C’était en mai. Un peu moins de deux semaines après les dernières alertes au tir de roquette sur le Golan. Plus tôt dans le mois, on annonçait des échanges de tir entre l’Iran, depuis le nord de la Syrie, et la partie du Golan occupée par Israël. On évoquait donc des dangers pour les voyageurs, surtout à l’est de la route 98.

On décrit pourtant le Golan comme le paradis des randonneurs. On y trouve des montagnes magnifiques qu’on recommande d’explorer prudemment. « Si tu vois un signe qui dit danger, c’est parce qu’il y a vraiment un danger. Il y a encore des mines antipersonnel un peu partout », prévient Riki.

Voilà qui me rassurait encore davantage. Mais elle m’avait proposé un beau parcours, avec des arrêts au mont Bental, à la forteresse de Nimrod et dans la réserve de Banias. J’ai donc fait confiance à l’absence d’avertissement radiophonique et je me suis mis en route avec ma minuscule voiture de location.

La route pour descendre la montagne où s’est perché le Safed Inn serpente le flanc de la protubérance et offre des vues magnifiques pour les yeux seulement. Pas moyen d’arrêter où que ce soit pour une photo, ou même pour fixer l’horizon plus que trois secondes. Comme conducteur, on s’ancre les yeux à la route qui rétrécit de mètre en mètre. Elle rend périlleuse toute rencontre avec un véhicule circulant dans la direction inverse.

Même si les distances paraissent énormes sur les cartes, on atteint le mont Bental en moins d’une heure. Plus on approche, moins le trafic est dense. Au détour d’une courbe, des hommes casqués portant d’importants équipements de protection s’affairent à déminer une parcelle de terre. On est loin des plages festives de Tel-Aviv.

D’énormes camions blancs arborant les lettres UN (United Nations) en majuscules roulaient vers l’ouest. Les champs, en apparence paisibles, étaient ponctués çà et là de maisons de pierres abandonnées, parfois avec le toit éventré. Moi, je roulais vers l’est.

Sur le coup, je me suis demandé si je m’aventurais réellement en zone de conflit militaire. Si l’activité est réduite dans le secteur, on peut supposer un hasard pour expliquer l’ambiance tendue que je pouvais palper entre mes poings serrés et le volant de ma Renault Clio.

J’ai suivi les indications et j’ai amorcé en voiture l’ascension du mont Bental, qui s’élève à 1165 mètres d’altitude. Au bas de la côte, on annonce la présence du « Coffee Anan », un clin d’œil à l’ex-secrétaire général des Nations unies.
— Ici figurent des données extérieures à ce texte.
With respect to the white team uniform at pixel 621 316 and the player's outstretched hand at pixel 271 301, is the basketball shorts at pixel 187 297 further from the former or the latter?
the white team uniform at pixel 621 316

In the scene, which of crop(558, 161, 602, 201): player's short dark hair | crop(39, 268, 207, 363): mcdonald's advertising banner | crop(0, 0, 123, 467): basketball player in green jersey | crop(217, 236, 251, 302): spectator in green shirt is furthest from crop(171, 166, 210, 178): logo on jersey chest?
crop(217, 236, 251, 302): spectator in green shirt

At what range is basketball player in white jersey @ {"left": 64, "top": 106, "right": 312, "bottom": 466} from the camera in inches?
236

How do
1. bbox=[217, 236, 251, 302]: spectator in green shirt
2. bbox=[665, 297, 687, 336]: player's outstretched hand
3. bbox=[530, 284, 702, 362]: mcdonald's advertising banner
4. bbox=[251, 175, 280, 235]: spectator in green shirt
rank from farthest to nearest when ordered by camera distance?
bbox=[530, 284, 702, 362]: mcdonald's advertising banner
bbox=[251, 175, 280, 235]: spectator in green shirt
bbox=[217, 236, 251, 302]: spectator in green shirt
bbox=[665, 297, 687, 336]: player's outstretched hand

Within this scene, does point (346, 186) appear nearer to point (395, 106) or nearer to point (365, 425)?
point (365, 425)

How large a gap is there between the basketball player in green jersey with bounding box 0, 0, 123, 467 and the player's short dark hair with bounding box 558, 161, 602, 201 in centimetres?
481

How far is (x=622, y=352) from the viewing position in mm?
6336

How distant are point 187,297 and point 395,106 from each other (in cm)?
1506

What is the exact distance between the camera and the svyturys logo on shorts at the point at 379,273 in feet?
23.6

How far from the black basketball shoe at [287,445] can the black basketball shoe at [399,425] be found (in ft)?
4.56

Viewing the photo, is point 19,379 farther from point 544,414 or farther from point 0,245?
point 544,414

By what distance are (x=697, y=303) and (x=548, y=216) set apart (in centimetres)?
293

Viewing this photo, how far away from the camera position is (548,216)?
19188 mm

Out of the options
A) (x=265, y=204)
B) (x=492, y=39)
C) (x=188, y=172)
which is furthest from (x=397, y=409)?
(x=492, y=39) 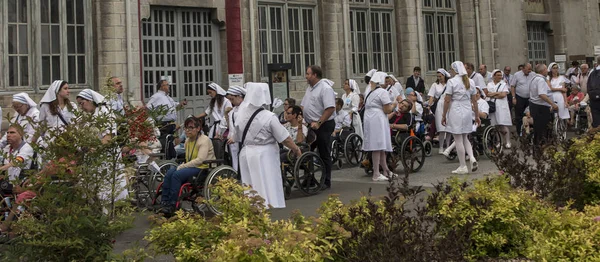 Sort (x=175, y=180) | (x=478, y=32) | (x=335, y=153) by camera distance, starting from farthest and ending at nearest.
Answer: (x=478, y=32) → (x=335, y=153) → (x=175, y=180)

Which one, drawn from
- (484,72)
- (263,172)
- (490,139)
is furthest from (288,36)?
(263,172)

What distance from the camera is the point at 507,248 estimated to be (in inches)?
239

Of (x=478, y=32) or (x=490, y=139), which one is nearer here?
(x=490, y=139)

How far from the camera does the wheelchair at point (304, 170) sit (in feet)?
38.1

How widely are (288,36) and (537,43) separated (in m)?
13.6

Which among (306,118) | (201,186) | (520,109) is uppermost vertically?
(520,109)

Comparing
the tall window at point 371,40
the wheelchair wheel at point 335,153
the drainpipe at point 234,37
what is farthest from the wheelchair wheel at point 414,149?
the tall window at point 371,40

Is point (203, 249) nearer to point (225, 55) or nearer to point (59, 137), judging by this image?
point (59, 137)

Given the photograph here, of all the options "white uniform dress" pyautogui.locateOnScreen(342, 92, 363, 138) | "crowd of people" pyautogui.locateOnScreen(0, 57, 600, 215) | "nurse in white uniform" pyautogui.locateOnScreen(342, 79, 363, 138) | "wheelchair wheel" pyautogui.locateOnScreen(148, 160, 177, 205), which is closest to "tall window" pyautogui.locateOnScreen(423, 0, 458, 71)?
"crowd of people" pyautogui.locateOnScreen(0, 57, 600, 215)

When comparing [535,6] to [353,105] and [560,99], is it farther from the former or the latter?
[353,105]

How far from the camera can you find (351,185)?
1282cm

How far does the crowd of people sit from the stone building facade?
2573 millimetres

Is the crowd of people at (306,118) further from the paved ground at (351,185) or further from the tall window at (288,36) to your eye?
the tall window at (288,36)

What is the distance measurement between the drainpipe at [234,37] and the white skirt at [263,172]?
11.8 m
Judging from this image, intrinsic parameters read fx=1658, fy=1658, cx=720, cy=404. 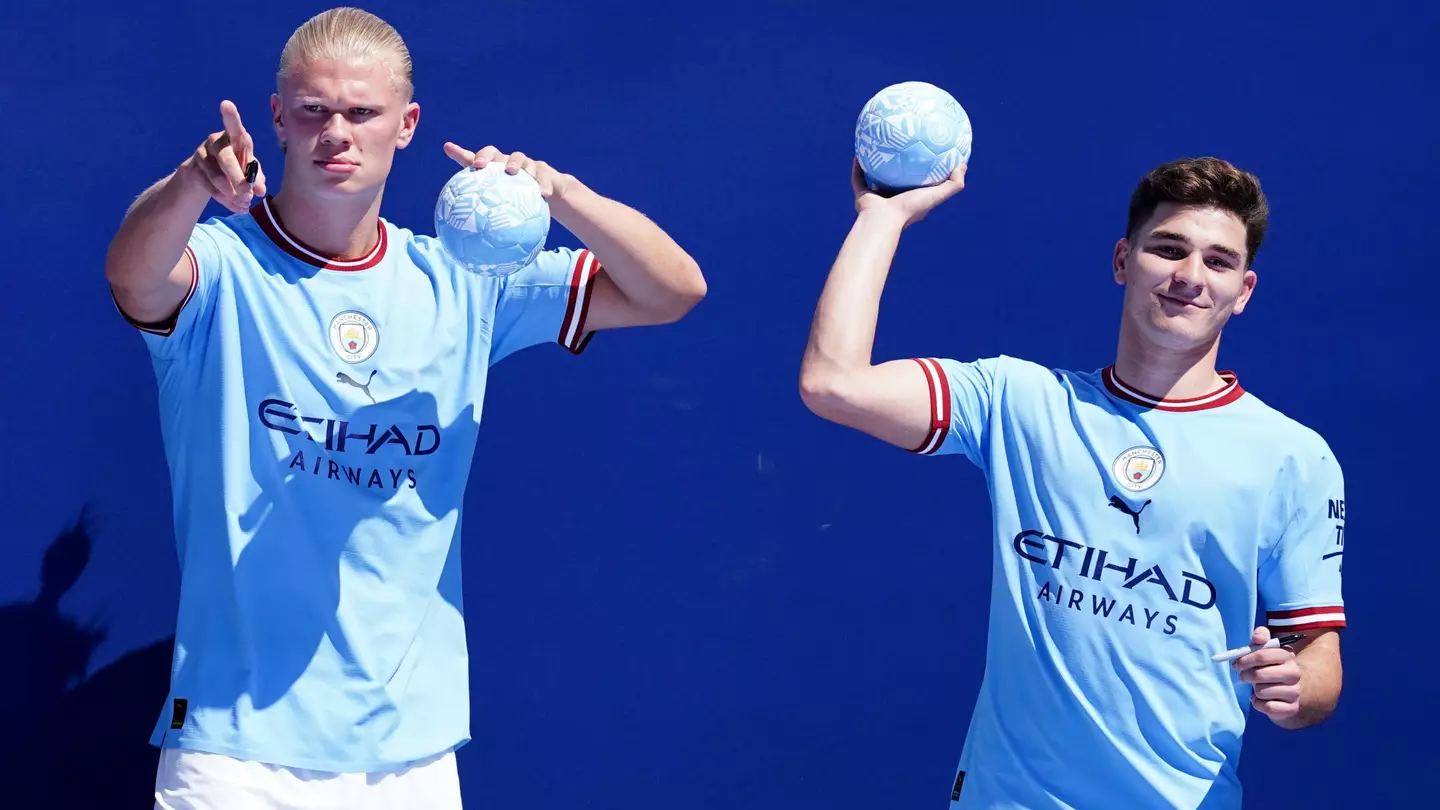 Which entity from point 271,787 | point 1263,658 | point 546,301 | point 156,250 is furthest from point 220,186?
point 1263,658

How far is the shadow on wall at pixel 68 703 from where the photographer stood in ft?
11.5

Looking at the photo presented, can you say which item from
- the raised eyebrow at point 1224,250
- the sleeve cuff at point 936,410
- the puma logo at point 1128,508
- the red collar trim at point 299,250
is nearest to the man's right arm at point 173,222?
the red collar trim at point 299,250

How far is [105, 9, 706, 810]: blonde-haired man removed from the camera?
9.24ft

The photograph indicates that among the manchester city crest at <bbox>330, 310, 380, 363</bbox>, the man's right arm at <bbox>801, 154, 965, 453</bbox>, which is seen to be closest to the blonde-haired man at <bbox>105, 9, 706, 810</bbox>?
the manchester city crest at <bbox>330, 310, 380, 363</bbox>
Dans le stationnement, les autobus de touristes remettent les choses en perspective. On ne laisserait pas les visiteurs débarquer en hordes si on pressentait un danger imminent.
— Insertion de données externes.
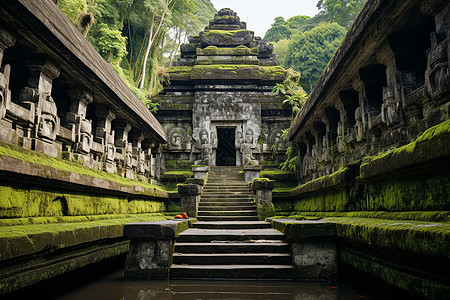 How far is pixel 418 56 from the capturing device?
4316 mm

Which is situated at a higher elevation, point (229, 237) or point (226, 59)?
point (226, 59)

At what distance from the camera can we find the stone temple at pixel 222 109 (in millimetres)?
14273

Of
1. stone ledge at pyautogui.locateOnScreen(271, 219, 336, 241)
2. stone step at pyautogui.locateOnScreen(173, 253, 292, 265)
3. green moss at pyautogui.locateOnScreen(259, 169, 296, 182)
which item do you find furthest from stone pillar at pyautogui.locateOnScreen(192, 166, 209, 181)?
stone ledge at pyautogui.locateOnScreen(271, 219, 336, 241)

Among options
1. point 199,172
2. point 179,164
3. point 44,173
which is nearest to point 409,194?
point 44,173

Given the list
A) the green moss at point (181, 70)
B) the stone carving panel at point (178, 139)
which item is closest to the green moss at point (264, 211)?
the stone carving panel at point (178, 139)

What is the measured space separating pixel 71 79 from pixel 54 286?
335 centimetres

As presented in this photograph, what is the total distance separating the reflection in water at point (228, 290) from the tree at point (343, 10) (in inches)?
1275

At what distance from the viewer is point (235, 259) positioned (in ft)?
14.2

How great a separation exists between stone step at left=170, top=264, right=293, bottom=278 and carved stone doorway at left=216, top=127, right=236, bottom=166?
645 inches

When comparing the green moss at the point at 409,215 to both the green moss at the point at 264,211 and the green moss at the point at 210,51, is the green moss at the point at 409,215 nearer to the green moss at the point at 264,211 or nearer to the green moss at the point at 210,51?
the green moss at the point at 264,211

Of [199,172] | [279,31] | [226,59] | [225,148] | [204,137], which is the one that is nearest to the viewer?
[199,172]

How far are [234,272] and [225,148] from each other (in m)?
16.7

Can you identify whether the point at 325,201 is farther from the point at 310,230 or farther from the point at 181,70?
the point at 181,70

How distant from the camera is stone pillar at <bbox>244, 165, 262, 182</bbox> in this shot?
37.5 ft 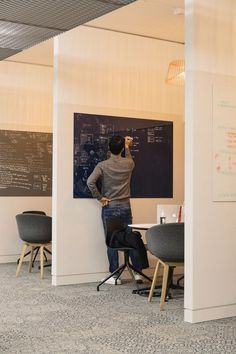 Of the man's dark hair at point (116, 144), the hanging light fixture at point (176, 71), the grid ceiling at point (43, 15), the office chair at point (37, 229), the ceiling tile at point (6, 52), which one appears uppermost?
the ceiling tile at point (6, 52)

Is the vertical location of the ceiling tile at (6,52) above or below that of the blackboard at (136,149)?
above

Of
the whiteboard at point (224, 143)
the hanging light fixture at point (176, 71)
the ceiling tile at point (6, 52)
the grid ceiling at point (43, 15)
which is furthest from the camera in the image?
the hanging light fixture at point (176, 71)

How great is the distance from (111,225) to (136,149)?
1446 millimetres

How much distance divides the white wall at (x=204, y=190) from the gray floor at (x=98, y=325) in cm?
26

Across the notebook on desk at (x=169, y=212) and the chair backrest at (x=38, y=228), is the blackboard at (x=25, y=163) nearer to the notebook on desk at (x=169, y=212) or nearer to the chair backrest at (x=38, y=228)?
the chair backrest at (x=38, y=228)

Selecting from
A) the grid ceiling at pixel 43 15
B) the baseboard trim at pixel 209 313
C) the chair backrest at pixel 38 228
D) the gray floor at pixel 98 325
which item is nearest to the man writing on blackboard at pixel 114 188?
the gray floor at pixel 98 325

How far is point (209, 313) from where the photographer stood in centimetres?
512

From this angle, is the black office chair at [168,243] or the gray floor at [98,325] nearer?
the gray floor at [98,325]

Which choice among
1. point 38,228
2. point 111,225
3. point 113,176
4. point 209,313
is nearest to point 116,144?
point 113,176

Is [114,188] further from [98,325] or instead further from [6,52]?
[98,325]

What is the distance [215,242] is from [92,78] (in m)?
3.08

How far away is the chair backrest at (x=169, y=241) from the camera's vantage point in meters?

Une courte marche nous amène au sommet de la montagne, où des panneaux indiquent les distances avec les principales villes. Ironiquement, Damascus et Washington DC sont situés l’un au-dessous de l’autre.

De vieux bunkers laissés à l’abandon peuvent toujours y être visités. On y descend dans une noirceur relative, on arpente des couloirs étroits avant d’aboutir dans une pièce où une ouverture horizontale permet d’observer l’horizon. Sur ma droite, au loin, j’aperçois de la fumée qui semble se dégager d’une grappe de maisons. Là, c’est la Syrie. Sur ma gauche, des montagnes et des plaines verdoyantes : Israël.
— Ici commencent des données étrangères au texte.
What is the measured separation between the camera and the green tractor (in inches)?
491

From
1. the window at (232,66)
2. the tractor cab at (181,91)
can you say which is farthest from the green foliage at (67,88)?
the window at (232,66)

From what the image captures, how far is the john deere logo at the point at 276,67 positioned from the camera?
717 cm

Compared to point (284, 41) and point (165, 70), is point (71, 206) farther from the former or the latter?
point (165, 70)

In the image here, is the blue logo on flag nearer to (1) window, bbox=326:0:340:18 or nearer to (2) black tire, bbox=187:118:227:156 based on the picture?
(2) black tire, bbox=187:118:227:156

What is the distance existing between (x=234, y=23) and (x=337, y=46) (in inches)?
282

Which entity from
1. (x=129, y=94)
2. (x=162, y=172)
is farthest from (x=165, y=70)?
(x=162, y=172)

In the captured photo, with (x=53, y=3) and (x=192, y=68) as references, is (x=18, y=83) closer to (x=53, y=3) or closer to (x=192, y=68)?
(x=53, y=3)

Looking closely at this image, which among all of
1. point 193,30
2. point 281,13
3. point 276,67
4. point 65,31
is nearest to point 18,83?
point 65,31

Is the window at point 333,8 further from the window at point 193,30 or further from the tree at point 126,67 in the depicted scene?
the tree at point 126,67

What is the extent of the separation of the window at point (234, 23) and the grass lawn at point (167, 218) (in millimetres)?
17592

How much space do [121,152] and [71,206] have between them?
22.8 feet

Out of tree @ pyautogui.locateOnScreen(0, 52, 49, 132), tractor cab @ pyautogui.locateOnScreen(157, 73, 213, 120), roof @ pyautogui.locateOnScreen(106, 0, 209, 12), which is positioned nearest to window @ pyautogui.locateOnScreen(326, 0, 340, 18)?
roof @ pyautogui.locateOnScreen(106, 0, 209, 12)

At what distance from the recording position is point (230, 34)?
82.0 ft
Puis une détonation. Et une autre. Dans le silence du bunker, loin des touristes qui rivalisent d’égoportraits quelques mètres au-dessus de ma tête, j’encaisse. J’ai entendu au moins quatre détonations. Évidemment qu’il est difficile de les associer à une action en particulier. La proximité avec la Syrie me laissait toutefois songeur.

Qu’il s’agisse ou non de frappes dans le pays voisin, je prenais un peu plus la mesure de la réalité syrienne. Pas comme dans comprendre ce que vit la population de ce pays, mais plutôt comme réaliser que le conflit dure toujours. C’est un contact, aussi minime soit-il, avec la guerre, la vraie, qui ne se déroule pas que sur un écran 56 pouces au bulletin de nouvelles.

Je suis remonté à la surface, un peu ébranlé, et j’ai aperçu des groupes de jeunes en train de planifier bruyamment leur prochain égoportrait collectif. Ils sont presque arrivés à couvrir la dernière détonation que j’ai perçue, qu’ils n’ont même pas entendue.

Avant de partir, j’ai pris quelques minutes pour discuter avec les deux observateurs des Nations unies postés au sommet du mont Bental. Dans leur petit observatoire, sans arme, ils scrutent l’horizon pour faire rapport des événements qui surviennent dans la journée. Particulièrement calmes, ils ont dissipé tous les doutes sur le danger qui guette les touristes aventuriers.

Des observateurs des Nations unies sont postés au sommet du mont Bental pour faire état de la situation dans le Golan et à la frontière de la Syrie.

J’ai ensuite repris la route, la 98, pour grimper au nord vers la forteresse de Nimrod. Je n’ai plus entendu de détonation. Les routes, elles, demeuraient plutôt désertes.